The transmitting unit 15 transmits voice data, control data, and a determination result. The determination result is information indicating the state of the participant determined by the determining unit 14. The determination result includes states such as the participant looking at the screen, the participant not looking at the screen, the participant being in front of the camera, the participant not being in front of the camera, and the participant in speech, for example. The determination result may include time information such as a time when the participant is looking at the screen, a time when the participant is not in front of the camera, or a speech time. The transmitted data is distributed to each terminal 10 via the server 30.

The receiving unit 16 receives voice data, control data, and a determination result from another terminal 10 via the server 30.

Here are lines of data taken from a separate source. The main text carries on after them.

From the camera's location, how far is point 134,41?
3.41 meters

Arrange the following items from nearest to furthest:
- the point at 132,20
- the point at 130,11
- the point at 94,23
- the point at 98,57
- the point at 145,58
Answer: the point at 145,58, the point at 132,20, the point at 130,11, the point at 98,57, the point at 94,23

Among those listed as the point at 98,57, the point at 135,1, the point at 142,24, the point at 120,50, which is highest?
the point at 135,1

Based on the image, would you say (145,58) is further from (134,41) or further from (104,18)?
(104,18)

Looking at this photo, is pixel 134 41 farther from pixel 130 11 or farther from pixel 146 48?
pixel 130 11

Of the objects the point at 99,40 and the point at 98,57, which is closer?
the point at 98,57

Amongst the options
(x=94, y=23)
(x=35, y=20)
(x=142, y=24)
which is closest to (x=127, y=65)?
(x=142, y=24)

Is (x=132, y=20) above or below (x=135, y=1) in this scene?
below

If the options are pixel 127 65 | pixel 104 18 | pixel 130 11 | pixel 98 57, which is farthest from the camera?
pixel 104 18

The display control unit 17 totals determination results received from the determining unit 14 and the other terminal 10, and determines a display mode of the conference based on the totaled result. The display mode includes a viewpoint when rendering a virtual space, division of the screen into frames, arrangement of objects, the movement and posture of the avatar and various effects, for example. Examples of the totaled result and display mode will be described below.

If a proportion of participants who are not looking at the screen is more than a prescribed threshold, the display control unit 17 sets the viewpoint when rendering the virtual space to a viewpoint in which a close-up of a speaker is shown in order to attract the attention of the participants. At this time, the display control unit 17 may have an avatar of the speaker perform a large action such as hitting a desk, or may turn up the volume of a voice of the speaker. When the avatar of the speaker is made to perform the large action, the display control unit 17 replaces control data of the avatar of the speaker with control data of the large action.

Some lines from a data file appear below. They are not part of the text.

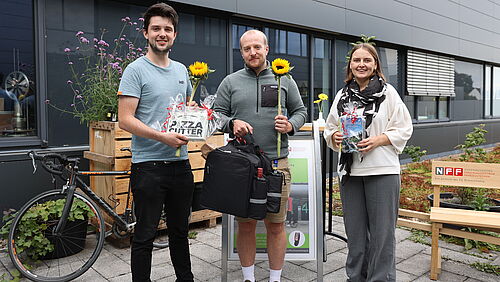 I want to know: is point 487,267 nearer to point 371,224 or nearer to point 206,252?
point 371,224

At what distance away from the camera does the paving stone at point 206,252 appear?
12.8 feet

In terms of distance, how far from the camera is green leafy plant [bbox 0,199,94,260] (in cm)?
346

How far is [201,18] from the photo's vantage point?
614 centimetres

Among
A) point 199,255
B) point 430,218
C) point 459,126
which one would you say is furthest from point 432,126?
point 199,255

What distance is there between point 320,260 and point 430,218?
1.06m

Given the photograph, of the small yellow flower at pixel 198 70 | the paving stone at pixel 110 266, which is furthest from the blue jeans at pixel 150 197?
the paving stone at pixel 110 266

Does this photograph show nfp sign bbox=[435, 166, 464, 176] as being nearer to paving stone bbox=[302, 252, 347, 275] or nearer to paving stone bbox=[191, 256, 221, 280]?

If the proportion of the participants who are not looking at the screen is more than the prescribed threshold and there is no speaker, the display control unit 17 sets the viewpoint when rendering the virtual space to a viewpoint in which a close-up of an avatar of an organizer (facilitator) of the conference is shown in order to promote the transition to a next topic or the end of the conference.

When the majority of the participants are looking at the screen, the display control unit 17 may set the viewpoint when rendering the virtual space to a viewpoint in which an entire conference room is overlooked, and perform a production in which the participants are listening to a speech intently. The display control unit 17 may select several avatars at random and make them nod. When making the avatars nod, the display control unit 17 replaces control data of the target avatars with control data of a nodding action.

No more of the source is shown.